2. Motion to Compel Arbitration
a. Existence of Arbitration Agreement and Claims Covered by Arbitration Clause
In deciding a petition to compel arbitration, trial courts must decide first whether an enforceable arbitration agreement exists between the parties, and then determine the second gateway issue whether the claims are covered within the scope of the agreement. (Omar v. Ralphs Grocery Co. (2004) 118 Cal.App.4th 955, 961.) The opposing party has the burden to establish any defense to enforcement. (Gatton v. T-Mobile USA, Inc. (2007) 152 Cal.App.4th 571, 579 (“The petitioner, T–Mobile here, bears the burden of proving the existence of a valid arbitration agreement and the opposing party, plaintiffs here, bears the burden of proving any fact necessary to its defense.”).)
In California, there is a “strong public policy in favor of arbitration.” (Moncharsh v. Heily & Blase (1992) 3 Cal.4th 1, 9.) Accordingly, “doubts concerning the scope of arbitrable issues are to be resolved in favor of arbitration.” (Ericksen, Arbuthnot, McCarthy, Kearney & Walsh, Inc. v. 100 Oak St. (1983) 35 Cal.3d 312, 323.) Further, “under both the FAA and California law, ‘arbitration agreements are valid, irrevocable, and enforceable, save upon such grounds as exist at law or in equity for the revocation of any contract.’ ” (Higgins v. Sup. Ct. (2006) 140 Cal.App.4th 1238, 1247.) This policy, however, is tempered by the recognition that arbitration must be based on an enforceable contract, as “[t]here is no public policy favoring arbitration of disputes which the parties have not agreed to arbitrate.” (Engineers & Architects Assn. v.

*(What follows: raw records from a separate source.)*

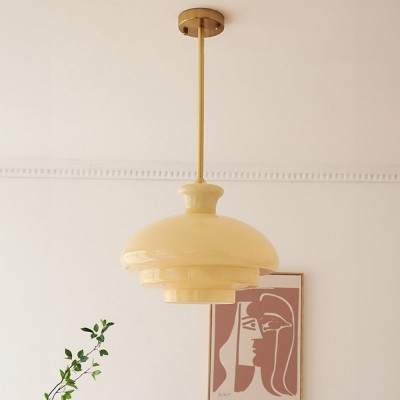 Derwent Bauhaus Cream Yellow Glass Pendant Light Derwent Bauhaus Cream Yellow Glass Pendant Light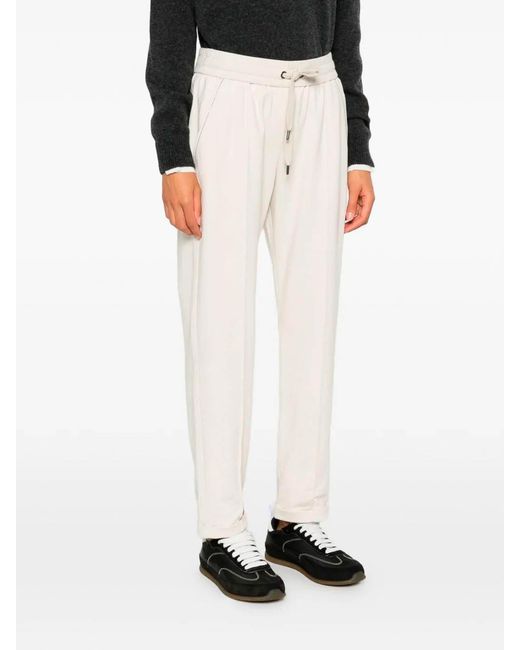 Brunello Cucinelli White Track Pants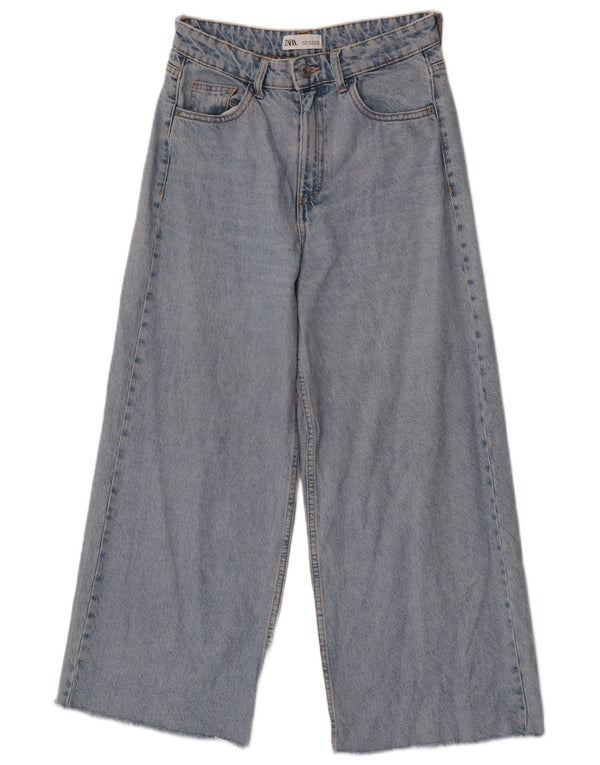 Zara Dame Jeans med høj talje og brede ben EU 36 XS W26 L25 Blå Bomuld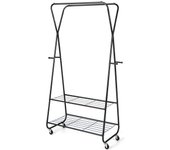 Perchero de pie con ruedas, 2 barras, 2 estantes y 4 ganchos, colgador de metal con zapatero para colgar ropa, para dormitorio, balcón, negro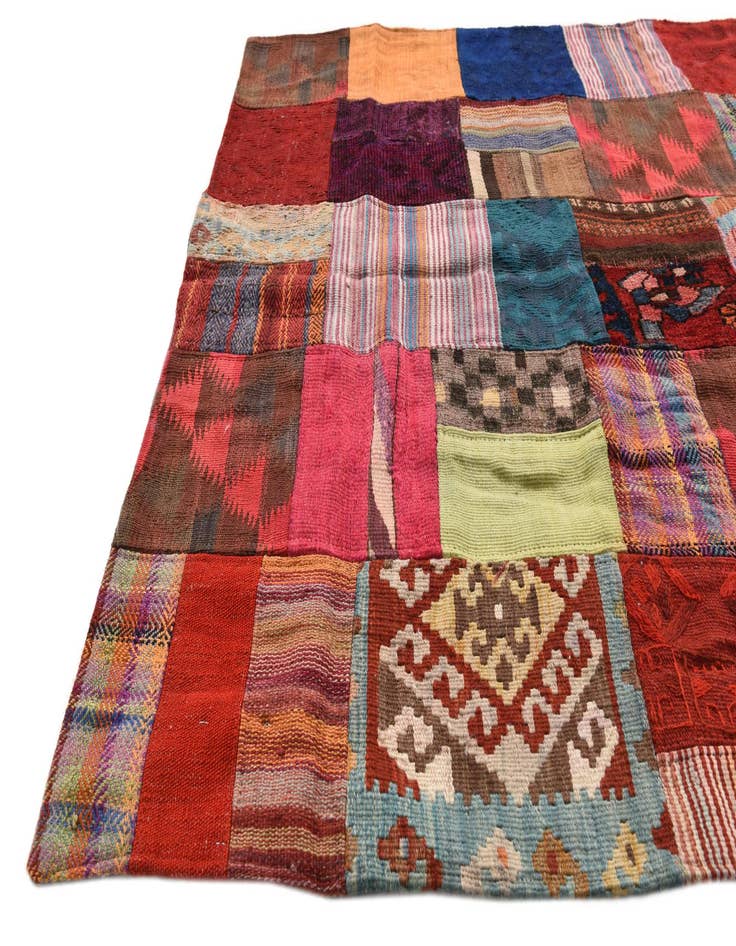 Detail image of  4' 1 x 5' 10  Hand Woven Kilim Patchwork Wool Rug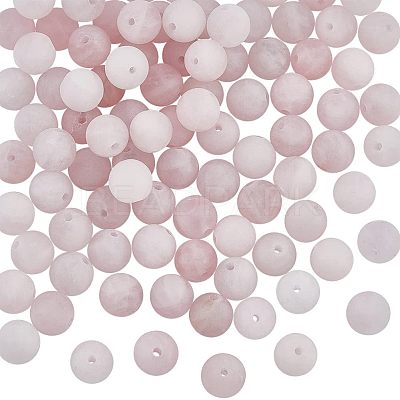 Frosted Natural Rose Quartz Round Beads Strands G-OC0003-57A-1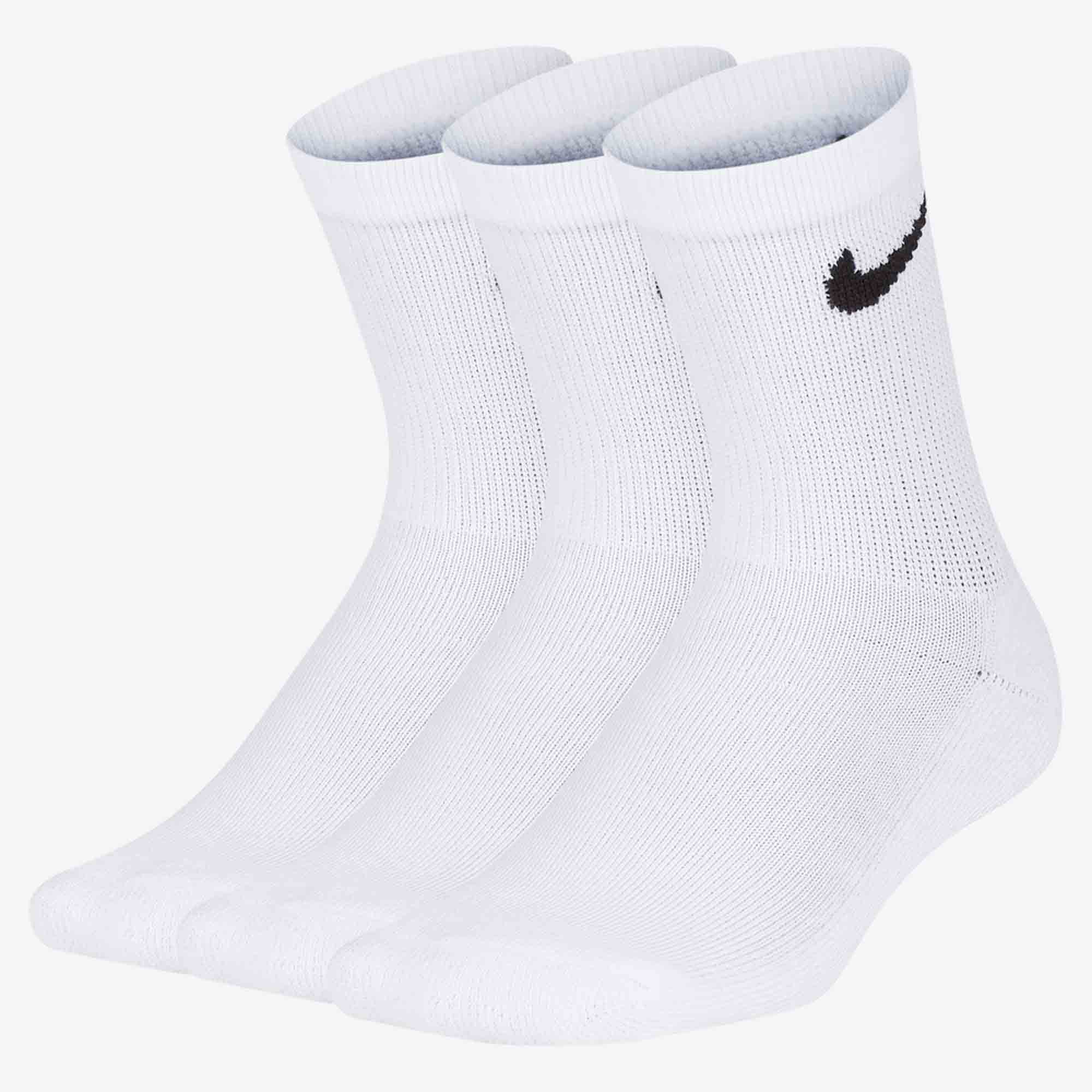 Nike Calcetines Cushioned Crew Cortas 3 Pares, BLANCO, hi-res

Community Development Dept. (1994) 30 Cal.App.4th 644, 653.)
There is a “ ‘strong public policy in favor of arbitration as a speedy and relatively inexpensive means of dispute resolution.’ “ (Moncharsh v. Heily & Blase (1992) 3 Cal.4th 1, 8-9.) However, it is essential to the proper operation of that policy that “ ‘[t]he scope of arbitration is ... a matter of agreement between the parties' [citation], and ‘ “[t]he powers of an arbitrator are limited and circumscribed by the agreement or stipulation of submission.” ‘ [Citations.]” (Ibid.)
“[T]he party moving to compel arbitration bears the burden of establishing the existence of a valid agreement to arbitrate, and the party opposing arbitration bears the burden of proving by a preponderance of the evidence any fact necessary to its defense.” (Hotels Nevada v. L.A. Pacific Center, Inc. (2006) 144 Cal.App.4th 754, 758.)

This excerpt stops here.